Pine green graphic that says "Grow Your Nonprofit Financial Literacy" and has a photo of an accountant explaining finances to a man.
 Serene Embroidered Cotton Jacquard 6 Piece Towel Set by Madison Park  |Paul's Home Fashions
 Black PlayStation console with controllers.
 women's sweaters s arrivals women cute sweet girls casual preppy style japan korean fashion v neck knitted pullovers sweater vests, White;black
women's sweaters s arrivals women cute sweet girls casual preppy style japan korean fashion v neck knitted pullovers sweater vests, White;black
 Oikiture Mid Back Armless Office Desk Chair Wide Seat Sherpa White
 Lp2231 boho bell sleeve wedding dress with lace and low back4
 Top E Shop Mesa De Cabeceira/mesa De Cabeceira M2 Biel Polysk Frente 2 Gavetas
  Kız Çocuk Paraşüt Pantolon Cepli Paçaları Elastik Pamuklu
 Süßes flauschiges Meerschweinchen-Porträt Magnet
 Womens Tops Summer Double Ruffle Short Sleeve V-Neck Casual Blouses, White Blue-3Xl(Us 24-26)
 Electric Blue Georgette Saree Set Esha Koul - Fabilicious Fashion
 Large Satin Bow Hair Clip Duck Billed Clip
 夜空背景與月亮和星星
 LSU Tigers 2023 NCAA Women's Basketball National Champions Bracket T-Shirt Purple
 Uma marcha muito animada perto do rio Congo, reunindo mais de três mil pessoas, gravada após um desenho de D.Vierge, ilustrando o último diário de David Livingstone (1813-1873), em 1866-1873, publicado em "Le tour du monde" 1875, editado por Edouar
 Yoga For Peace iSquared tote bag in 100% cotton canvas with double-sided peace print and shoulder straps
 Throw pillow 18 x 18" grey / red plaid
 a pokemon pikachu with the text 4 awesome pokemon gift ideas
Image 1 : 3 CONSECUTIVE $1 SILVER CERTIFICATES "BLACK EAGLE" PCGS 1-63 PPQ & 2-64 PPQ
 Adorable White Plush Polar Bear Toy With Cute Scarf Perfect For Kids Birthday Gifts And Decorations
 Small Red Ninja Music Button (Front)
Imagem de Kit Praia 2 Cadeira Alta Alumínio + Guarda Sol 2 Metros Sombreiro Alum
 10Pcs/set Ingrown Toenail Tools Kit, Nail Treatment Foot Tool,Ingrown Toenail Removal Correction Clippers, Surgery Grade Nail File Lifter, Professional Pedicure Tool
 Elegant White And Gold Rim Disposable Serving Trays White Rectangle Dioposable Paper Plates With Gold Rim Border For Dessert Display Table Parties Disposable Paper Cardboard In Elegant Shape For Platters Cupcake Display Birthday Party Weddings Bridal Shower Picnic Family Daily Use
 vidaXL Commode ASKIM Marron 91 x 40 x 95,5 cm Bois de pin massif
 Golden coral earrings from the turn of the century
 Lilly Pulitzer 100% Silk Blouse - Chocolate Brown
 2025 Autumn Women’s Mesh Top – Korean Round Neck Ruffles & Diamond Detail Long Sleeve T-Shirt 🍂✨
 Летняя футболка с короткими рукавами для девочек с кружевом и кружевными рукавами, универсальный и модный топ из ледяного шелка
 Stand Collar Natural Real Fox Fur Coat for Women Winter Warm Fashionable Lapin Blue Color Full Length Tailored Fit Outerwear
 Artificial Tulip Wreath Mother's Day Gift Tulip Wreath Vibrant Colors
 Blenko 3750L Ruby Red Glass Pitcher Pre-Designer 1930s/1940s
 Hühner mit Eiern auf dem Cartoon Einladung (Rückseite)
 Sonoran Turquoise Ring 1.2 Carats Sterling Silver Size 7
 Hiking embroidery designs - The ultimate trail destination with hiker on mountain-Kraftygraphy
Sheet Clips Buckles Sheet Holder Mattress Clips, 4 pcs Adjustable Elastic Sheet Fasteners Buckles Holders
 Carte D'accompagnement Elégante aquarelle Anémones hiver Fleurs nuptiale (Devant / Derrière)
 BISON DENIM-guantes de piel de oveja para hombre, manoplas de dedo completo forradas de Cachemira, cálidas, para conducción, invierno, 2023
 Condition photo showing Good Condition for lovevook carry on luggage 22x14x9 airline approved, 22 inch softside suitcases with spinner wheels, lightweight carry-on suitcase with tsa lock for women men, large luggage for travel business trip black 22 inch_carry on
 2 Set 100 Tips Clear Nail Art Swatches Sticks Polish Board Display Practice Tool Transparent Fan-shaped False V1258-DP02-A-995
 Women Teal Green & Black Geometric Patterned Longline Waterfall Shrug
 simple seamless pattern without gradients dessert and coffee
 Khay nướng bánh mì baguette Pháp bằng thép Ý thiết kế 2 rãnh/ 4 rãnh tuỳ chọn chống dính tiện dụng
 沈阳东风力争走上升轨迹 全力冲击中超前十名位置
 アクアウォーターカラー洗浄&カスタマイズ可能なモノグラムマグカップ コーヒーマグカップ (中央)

□ □ □ □

Quote the data above from the line containing "BISON DENIM-guantes de" to the line containing "Condition photo showing", inclusive, and stop.

§ RESPONSE TO THE TASK
 BISON DENIM-guantes de piel de oveja para hombre, manoplas de dedo completo forradas de Cachemira, cálidas, para conducción, invierno, 2023
 Condition photo showing Good Condition for lovevook carry on luggage 22x14x9 airline approved, 22 inch softside suitcases with spinner wheels, lightweight carry-on suitcase with tsa lock for women men, large luggage for travel business trip black 22 inch_carry on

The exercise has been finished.